| Sophrosyne Stenvaag ( @ 2008-01-31 13:11:00 |
| Entry tags: | digital people, news, politics, rant |
Reuters and the War on Imagination
This just in from Reuters:
Poll: Most adults don’t want fantasy avatars
I clicked on the link, expecting something that heralded an assault on identity freedom, pointed to the virulence of bigotry against furries and transsexuals - the usual bitter news from the atomic world that looks all too much like a War on Imagination.
But that's not what I found in the data, despite the desperate spin from Eric Reuters that played on all those elements of my expectation. What did the data actually say? Only 44% of a general audience - *not* users of synthetic worlds, but Atomic folks on the street - said they *wouldn't* experiment with identity and appearance in a synthetic world, given the chance. Only 44% were so grounded in their atomic identity, so incurious or unimaginative, to not even want the option of trying.
Maybe they're not the problem, those ordinary people out there. Maybe the problem, the people who actually assault imagination and creative freedom, are the ones in positions of power in the media. And maybe, just maybe, this implausible spin on a survey is a sign of desperation, of an attempted "surge" in their War on Imagination.
Look at what Eric Reuters did. Let's start with that headline. "Most adults don't want fantasy avatars.' First, the natural converse of that statement is, "people who want fantasy avatars are mostly children." Yes, demean and belittle us from word one. Also, "fantasy avatars?" To me a "fantasy avatar" is *any* avatar in WoW, or drows and mermaids in SL. How many millions of people are *using* fantasy avatars in MMOs already, all over the world?
The question actually asked was,
Is it "fantasy" to dramatically alter one's appearance? To be taller, or a different race, or to reclaim youth, or healthy limbs? Fifty-six percent of ordinary Americans at least wouldn't say no to the choice to do so.
The article also goes on to refer to "the chance to roleplay a furry, robot, or the opposite gender." "Play" and "fantasy" on the one hand, "adults" and "real world" on the other.
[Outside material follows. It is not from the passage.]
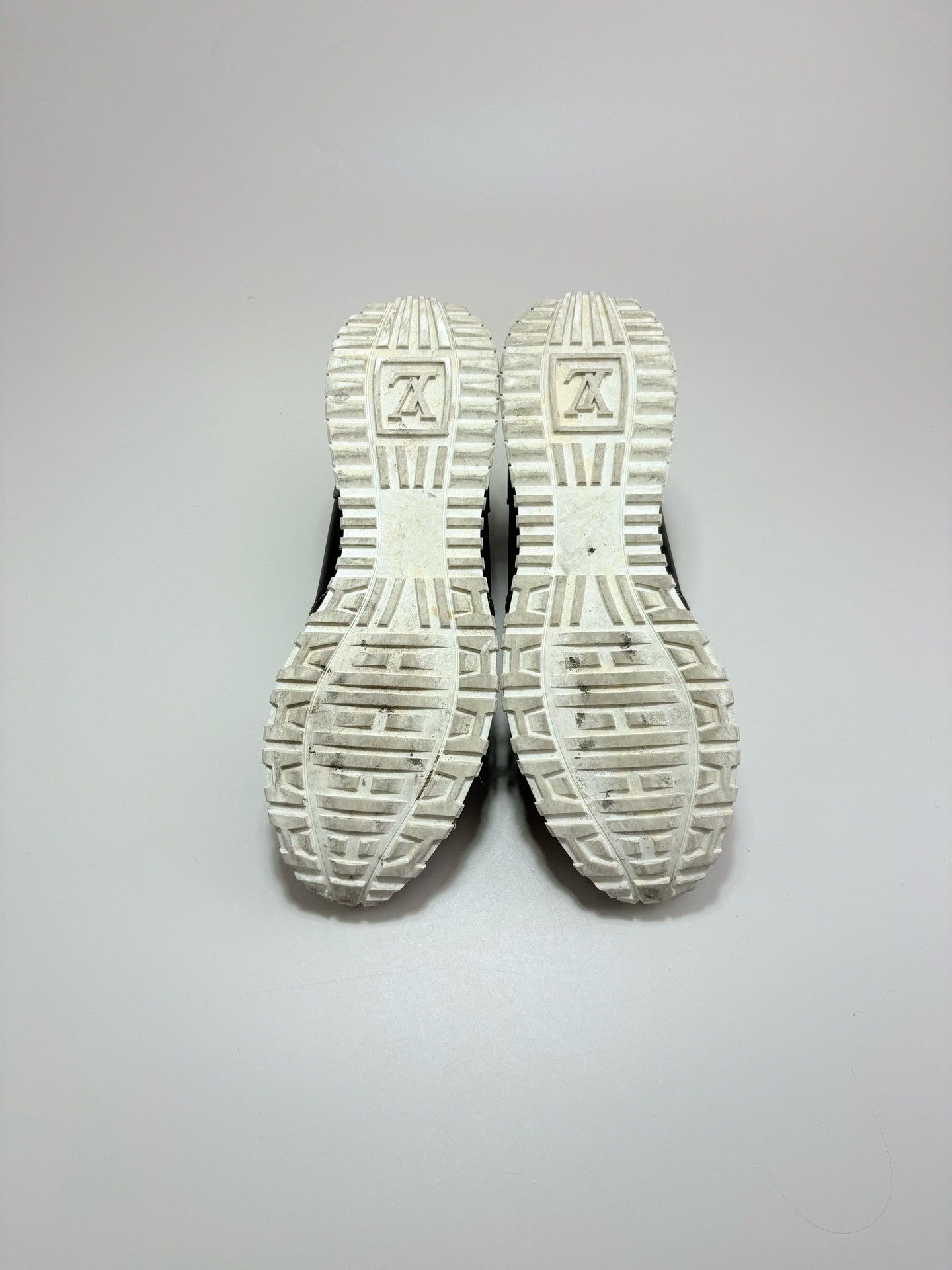 Louis Vuitton Louis Vuitton LV Run Away Sneakers Size US 9 / EU 42 - 6 Thumbnail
And, transgender expression equated to "roleplaying a robot." Gods, the condescending bigotry in that statement!
I call shenanigans, Eric Reuters.
Creative freedom, freedom of the *individual* to define herself, rather than the state, the bank, the employer - that's not childishness. That's empowerment.
And maybe that's what's behind the War on Imagination. Imagination is power, imagination is freedom. Imagination is the refusal of packaged reality, the rejection of stories imposed upon us from outside. The imposition of stories is the exercise of the power of the state, the financial institution, the media conglomerate. Our elites are too sophisticated to resort to power in its crudest form of physical coercion: they exercise power through belief. Belief in their creation myths, belief in their endless wars on "terror," of all things, belief that we are our credit reports, our census data, belief that we are "consumers" rather than creators.
If we lack the freedom to create our own identities, we have no creative freedom at all. If we are not allowed - by the government, by Reuters, by the brownshirted PN street thugs of the ruling orthodoxy - to use our very selves as a medium of expression, then no canvas, no keyboard, no screen can matter as a medium of expression. If we cannot own ourselves, if our very existence is not recognized as *our* intellectual property, then we only have what the powers that be allow us to have, and which they make take from us tomorrow in the next click-through "agreement."
Maybe I am childish. Maybe I am playful.
Maybe those aren't bad things.
But one thing I know for certain? I *own* the right to create myself, to define myself. And not all the thrones and powers, not all the media lackeys and barbarian goons, will *ever* get me to accept their stories in place of my own.
"Most People Want Identity Choice" - *there's* the truth behind your desperate spin, Eric Reuters. We will not be denied.